Work to be completed
Write out exactly the lines that run from the one containing "adaptive image." to the end of the entries below, with both end lines included.
----- Raw data -----
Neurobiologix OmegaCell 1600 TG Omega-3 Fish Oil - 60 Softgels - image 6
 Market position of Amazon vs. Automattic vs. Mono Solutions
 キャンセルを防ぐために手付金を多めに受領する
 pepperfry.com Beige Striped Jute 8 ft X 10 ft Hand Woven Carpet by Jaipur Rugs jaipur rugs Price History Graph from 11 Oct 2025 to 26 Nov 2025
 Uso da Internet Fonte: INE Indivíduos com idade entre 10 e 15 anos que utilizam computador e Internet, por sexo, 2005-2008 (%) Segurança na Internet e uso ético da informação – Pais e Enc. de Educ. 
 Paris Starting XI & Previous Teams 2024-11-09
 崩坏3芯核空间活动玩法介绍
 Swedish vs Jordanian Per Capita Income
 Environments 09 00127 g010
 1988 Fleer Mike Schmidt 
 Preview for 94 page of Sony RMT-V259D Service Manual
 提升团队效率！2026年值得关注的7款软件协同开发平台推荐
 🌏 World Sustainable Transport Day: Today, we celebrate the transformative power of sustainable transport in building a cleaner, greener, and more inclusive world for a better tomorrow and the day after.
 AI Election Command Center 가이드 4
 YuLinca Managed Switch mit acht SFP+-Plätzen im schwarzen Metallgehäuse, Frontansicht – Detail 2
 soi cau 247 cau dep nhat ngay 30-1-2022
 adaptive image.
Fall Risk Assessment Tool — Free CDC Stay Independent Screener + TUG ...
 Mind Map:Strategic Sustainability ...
-----
Task response
 adaptive image.
Fall Risk Assessment Tool — Free CDC Stay Independent Screener + TUG ...
 Mind Map:Strategic Sustainability ...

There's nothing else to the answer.